[Opening Input material section]

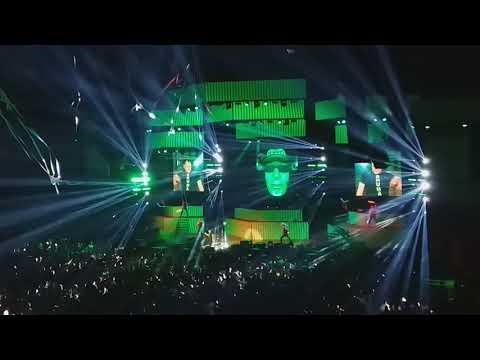 Love the 90's Wizink Center Madrid 12.05.2018 - Chimo Bayo "Asi me gusta a mi"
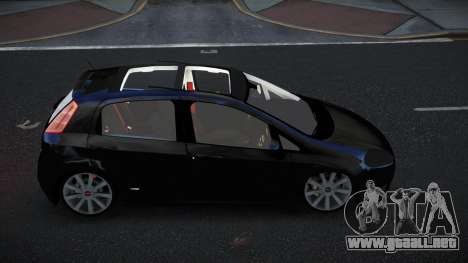 Fiat Punto Kozqufiki para GTA 4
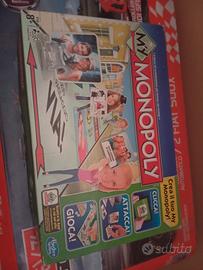 Gioco da tavolo Monopoly 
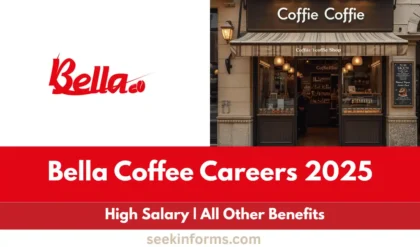 Bella Coffee Careers 2025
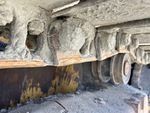 Undercarriage with Left Track Links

[Closing Input material section]

→ **Your task**:
Every picture stays out; reproduce exactly the lines from the one with "Fiat Punto Kozqufiki para GTA 4" through the last line of the data above.

→ **Reply**:
 Fiat Punto Kozqufiki para GTA 4
 Gioco da tavolo Monopoly 
 Bella Coffee Careers 2025
 Undercarriage with Left Track Links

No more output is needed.